Tuesday, 17 March 2015

The Balance Dance

I was going to my neighbours the other day and was only a few yards away from my door when I began my dance. It was an awkward waltz of sorts, the two steps forward, steps to the side kind of thing, only without the graceful movement usually associated with a dance.

I don’t use the cane in the house, and it was a surprise that I had stepped out leaving it at home, and how bad my balance was without that third point of grounding. I made it there and back, and coming home realized just how afraid I was of open spaces.

Sounds like agoraphobia, but I’m not afraid to leave my place, its open spaces I don’t like. I just feel safer when I can touch something to help maintain my balance. I prefer the walker with the increased sense of support it gives me, and admit I walk better, straighter and with more confidence with it. Even with the cane I use my free hand to touch ‘base’ so to speak, with walls, furniture, and sometimes people.

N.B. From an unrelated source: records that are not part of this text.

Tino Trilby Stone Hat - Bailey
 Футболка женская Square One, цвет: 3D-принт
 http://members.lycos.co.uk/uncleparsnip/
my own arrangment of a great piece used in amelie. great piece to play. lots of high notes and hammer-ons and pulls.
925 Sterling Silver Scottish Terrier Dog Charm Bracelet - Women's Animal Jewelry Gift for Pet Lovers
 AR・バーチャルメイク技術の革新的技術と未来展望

I have a fear of falling and that old joke of “I’ve fallen and I can’t get up” isn’t so funny anymore.

I remember when I was a kid and my Dad did the collection at church. Our church was round, with the altar table in the centre and five sections radiating out, four for the congregation and the fifth for the choir and the Minister’s pulpit. The seating was tiered, so the aisles went downhill from the back to the centre of the church.

My Dad was a big guy, an ex football player, well over six feet and about two hundred and fifty pounds, athletic, but not always graceful. He delighted in teasing his children by taking a few stumbling steps as he began down the aisle, scaring us with the potential mortification of seeing our father tumble down.

My fear of embarrassing myself in public, well, I came by it honestly.

And falling in public, been there, done that, and don’t want to do it again. I once fell in a public parking lot, on a hot summer day when I had walked too far and was weakened by becoming overheated. It was long enough ago that I was walking unaided, but the feeling of that day has never gone away.

Today the fear is greater because my mobility is more compromised, and I’d have a great deal of difficulty getting back on my feet. The smartest thing I’ve done in years was to get the walker, now if I’d only accept it and use it for more than getting to and from the car or the laundry room. I need to replace the cane, but the walker adds another whole set of challenges I seem reluctant to take on right now.

Baby steps, everything is baby steps.